Janice walked across the basement and up the back stairs. She unlocked the door and peered out. She could hear the motorcycles in the distance, but truly, the way was clear. If the people in the basement escaped through this door, they could be gone before the bikers noticed. She went back downstairs.
“Okay,” she said, loudly. “We need to leave now. Everyone, just leave your plates where they are. We’ll come back when the danger’s passed and clean up. But now is our chance to get out of here safely.” Everyone turned toward her and then, much to her frustration, they turned back to eating. “People, God is not your fairy godmother. He’s not going to solve problems for you that you won’t solve yourself. Let’s go.” Only Orion stood, and only long enough for his uncle to reach over and give him a slight tug on the arm. He sunk back into the seated crowd. “Now! Let’s go now!”

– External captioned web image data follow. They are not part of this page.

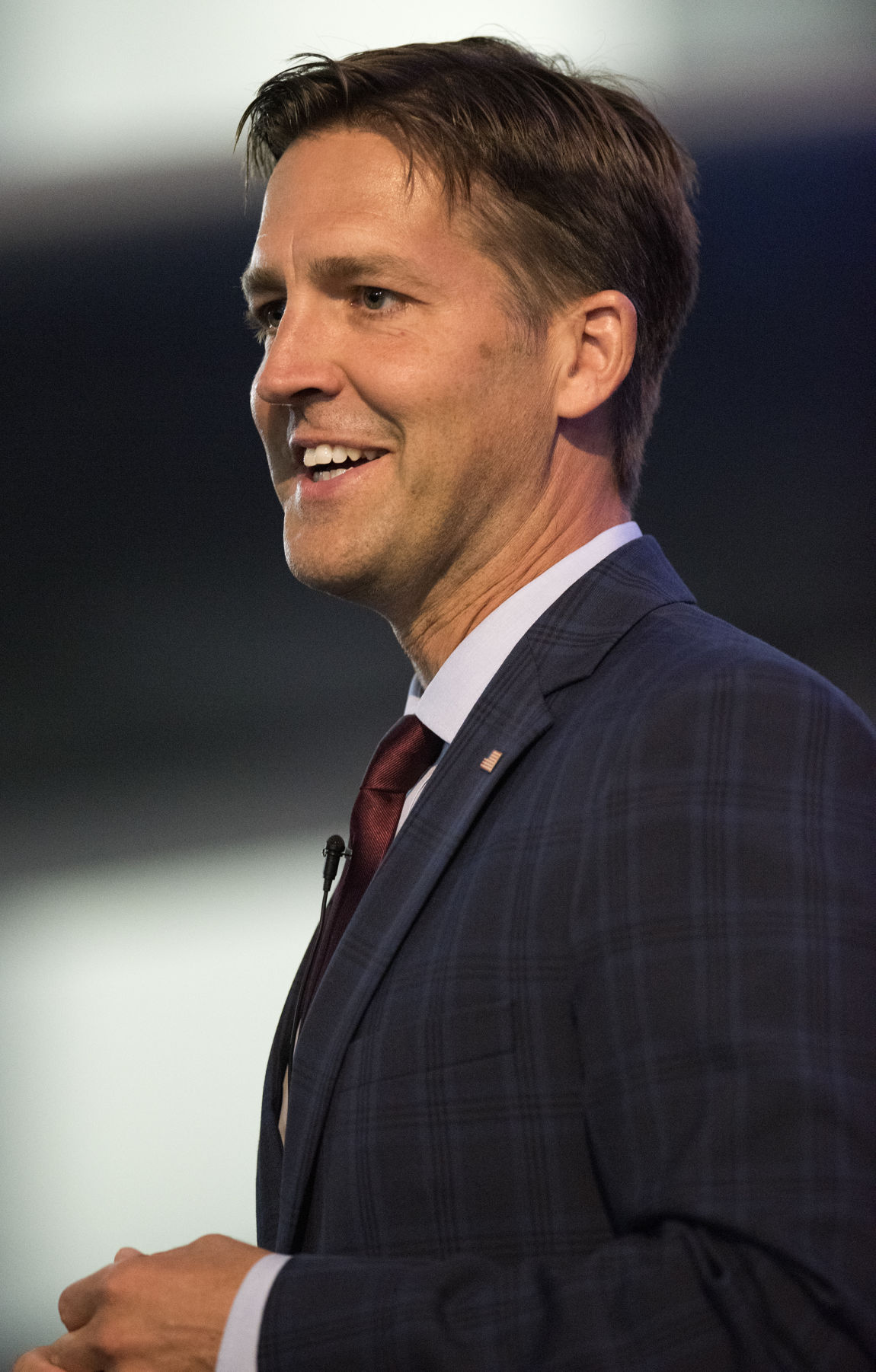 Sasse stresses broad support for judge nominee Grasz in &hellip;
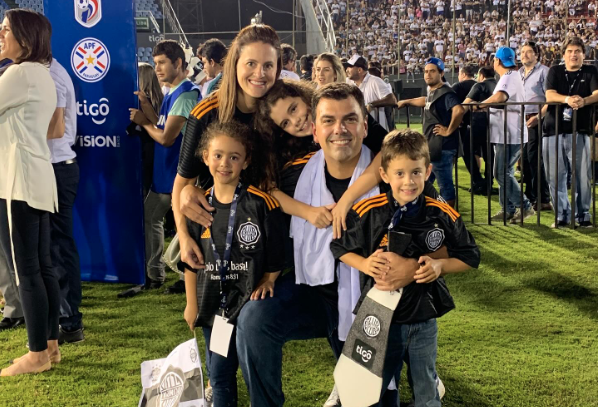 El descargo de la esposa de Marco Trovato tras reconfirmación de su duro castigo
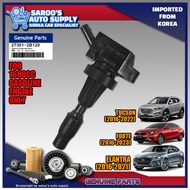 [Gamma] Igniaion Coil For Elantra (16-21) , Forte (16-23) , Tucson (16-22) , 1600cc , 27301-2B120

None of them moved. She threw up her hands and looked pointedly at Angstrom. See? What did I tell you? I can’t make these people do anything? She had only thought those things, but he nodded, as if he had heard her and agreed.
The people in the basement pointedly ignored her for what seemed like an eternity. Everyone in the basement was silent, stubborn, and angry. Then, there was a crash, which Janice couldn’t place at first, but suddenly she realized, oh God, the glass doors by the office. Then came a great noise, which sounded at first like an unscheduled freight train rumbling through town. It grew louder and there was another great crash, which everyone in the basement seemed to immediately recognize as the sound of the large gold cross hanging above the altar coming down. Outside the basement a vast cheer went up, which started directly over their heads and then echoed through the hallways above them, even outside, though that was muffled, and then, oh then, they heard that cheer in the stairwells.
The bikers poured into the basement like frenzied grasshoppers before the blade of the combine, jumping up on tables, overturning casseroles, breaking plates as they made their way toward the statue, which Angstrom had left on the table in the middle of the room.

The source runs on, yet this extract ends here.